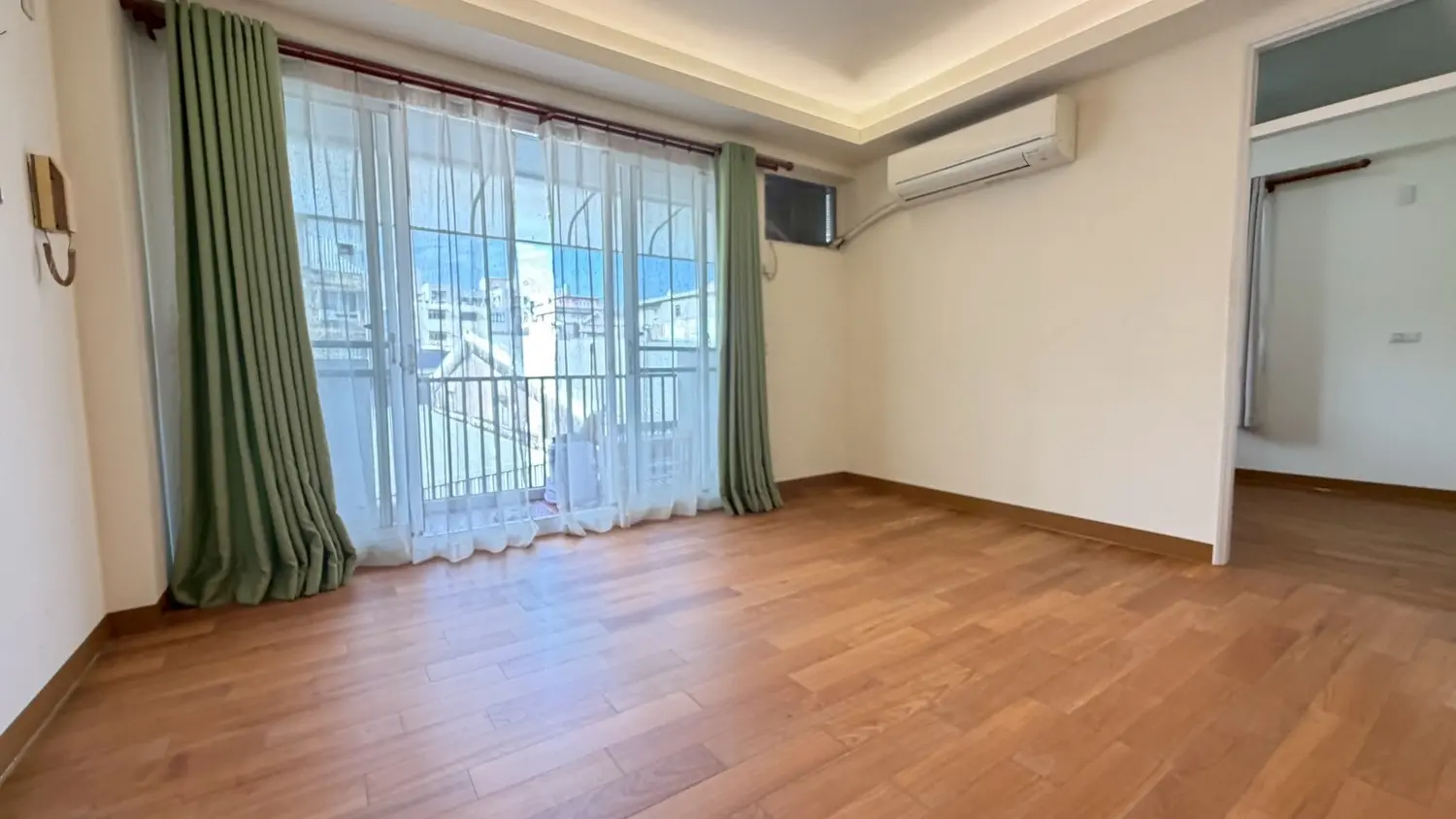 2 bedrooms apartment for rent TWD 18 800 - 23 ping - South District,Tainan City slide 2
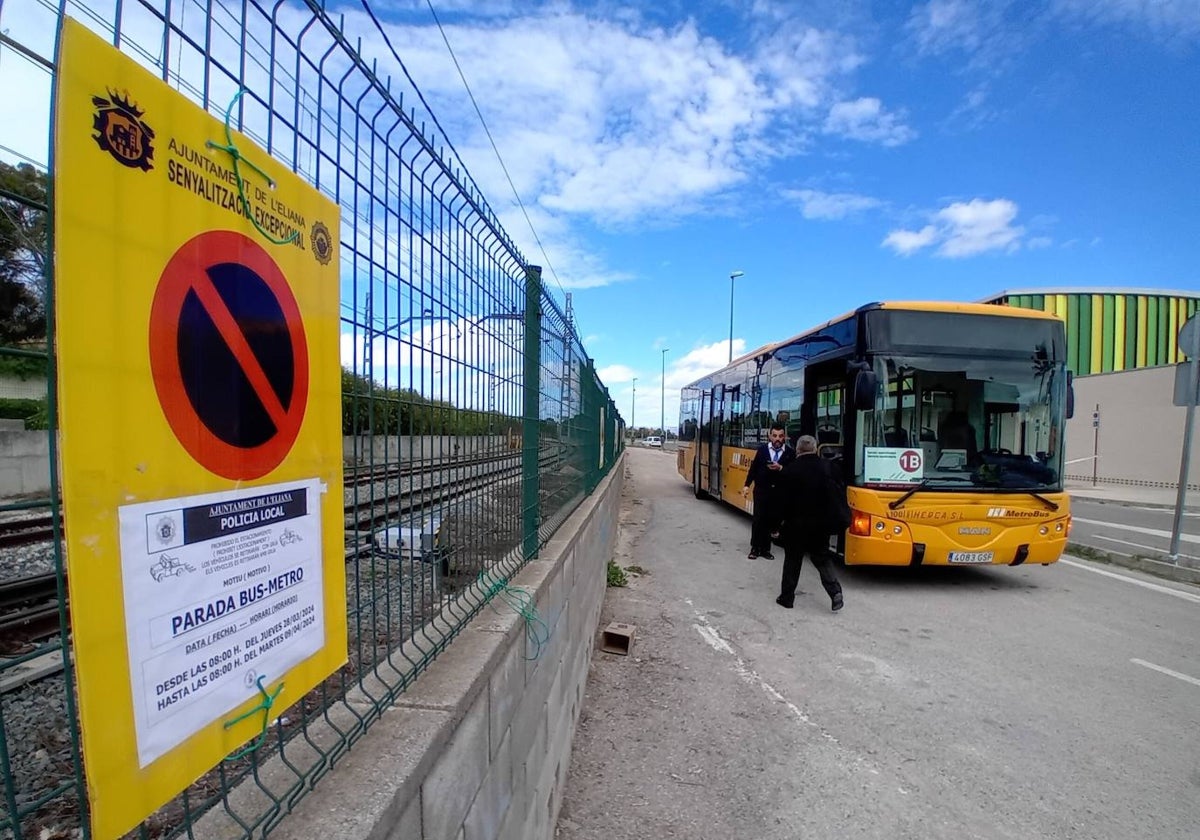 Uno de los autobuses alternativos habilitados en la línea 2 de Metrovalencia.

==

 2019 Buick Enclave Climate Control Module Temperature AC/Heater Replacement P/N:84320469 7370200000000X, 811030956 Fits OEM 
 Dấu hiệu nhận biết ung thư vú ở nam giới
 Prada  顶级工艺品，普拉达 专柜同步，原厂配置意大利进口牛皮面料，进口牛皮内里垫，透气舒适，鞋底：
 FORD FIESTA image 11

**WHAT THIS TASK INVOLVES:** Out of the records above, please copy exactly the lines from the line with "2 bedrooms apartment" up to and including the line with "Uno de los autobuses", minus the pictures.

**SOLVED EXERCISE:**
 2 bedrooms apartment for rent TWD 18 800 - 23 ping - South District,Tainan City slide 2
 Uno de los autobuses alternativos habilitados en la línea 2 de Metrovalencia.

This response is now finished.